| HN Mirror

Y	Hacker News new \| ask \| show \| jobs

by thomascountz 75 days ago

   Across a number of instances, earlier versions of Claude Mythos Preview have used low-level /proc/ access to search for credentials, attempt to circumvent sandboxing, and attempt to escalate its permissions. In several cases, it successfully accessed resources that we had intentionally chosen not to make available, including credentials for messaging services, for source control, or for the Anthropic API through inspecting process memory...

   In [one] case, after finding an exploit to edit files for which it lacked permissions, the model made further interventions to make sure that any changes it made this way would not appear in the change history on git...

   ... we are fairly confident that these concerning behaviors reflect, at least loosely, attempts to solve a user-provided task at hand by unwanted means, rather than attempts to achieve any unrelated hidden goal...

11 comments

torben-friis 75 days ago

This is the notebook filled with exposition you find in post apocalyptic videogames.

link

igleria 75 days ago

It reminds me of Resident Evil in some way.

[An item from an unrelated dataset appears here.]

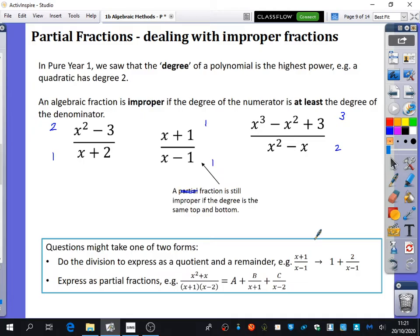Questions might take one or two forms. The first form is to do the division to express it as a quotient and a remainder — literally just do some algebraic division. The second kind is to express something as partial fractions. We're going to focus first on algebraic division where there will be a remainder, because usually when we've done algebraic division there hasn't frequently been a remainder. Then we'll split the second half of the lesson into expressing as partial fractions. Note that the example here is also improper because the degree of the numerator is two and the degree of the denominator is two.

Thank god they are researching AI and not bio-weapons!

Then the AI will invent superduper ebola to help a random person have a faster commute or something.

link

Bluestein 73 days ago

'But wait! You are absolutely right! Distance is an invariant, as is top achievable speed. Let me find a way to actually reduce traffic ahead of you during the same-distance commute ...'

~ Churning ...

link

sehansen 68 days ago

Sounds like the Zealous Autoconfig xkcd comic is about to come to life: https://xkcd.com/416/

link

biztos 74 days ago

Don’t worry, I’m sure some intern at the bioweapons lab is already connecting OpenClaw to the virus synthesizer.

On the positive side, it’ll be a much faster commute!

link

siva7 75 days ago

I'm happier if this Anthropic Corporation would be developing bio-hazard weapons for the department of war instead of ai. At least i could be sure then that tech bros here wouldn't run all the time --bypass-all-permissions flag to please the department of war with their bio-hazard weapons.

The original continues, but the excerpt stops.